COLUNA
Vítor Sardinha
Vítor Sardinha é escritor e tabelião no Maranhão, pós-graduado em Direito e vice-presidente do Moto Club. Assina coluna dedicada à reflexão sobre o tempo presente.
Vítor Sardinha

Quando a esperança aprende a ficar

A classificação do Rubro-Negro não é apenas um resultado, mas o triunfo da permanência de quem se recusou a desistir.

Vítor Sardinha

Quando a esperança aprende a ficar. (Divulgação)

A classificação do Moto Club para as semifinais do Campeonato Maranhense não chegou como quem impõe respeito. Chegou como quem pede licença. Discreta, construída jogo a jogo, sustentada mais pela persistência do que pela promessa. E talvez por isso seja tão significativa.

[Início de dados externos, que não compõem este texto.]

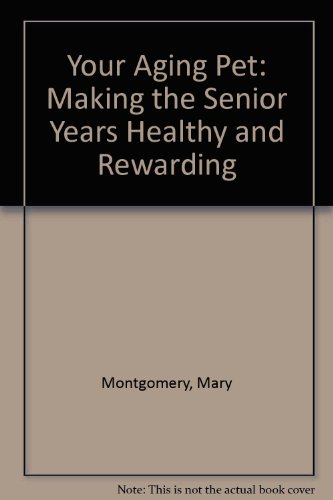 Stock image for Your Aging Pet: Making the Senior Years Healthy and Rewarding for sale by ThriftBooks-Atlanta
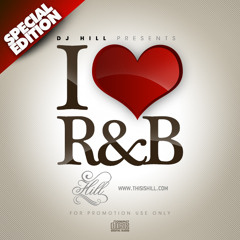 DJ HILL - I Love R&B #001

Há pouco tempo, o Rubro-Negro vivia dias em que o futuro parecia sempre adiado. As dificuldades financeiras, os bastidores apertados, o cansaço de quem ama o clube sem garantias, e tudo isso fazia do Moto um time improvável. Não por falta de história, mas por excesso de obstáculos. Ainda assim, o clube ficou. Resistiu. Não foi embora quando tudo parecia convidar à desistência.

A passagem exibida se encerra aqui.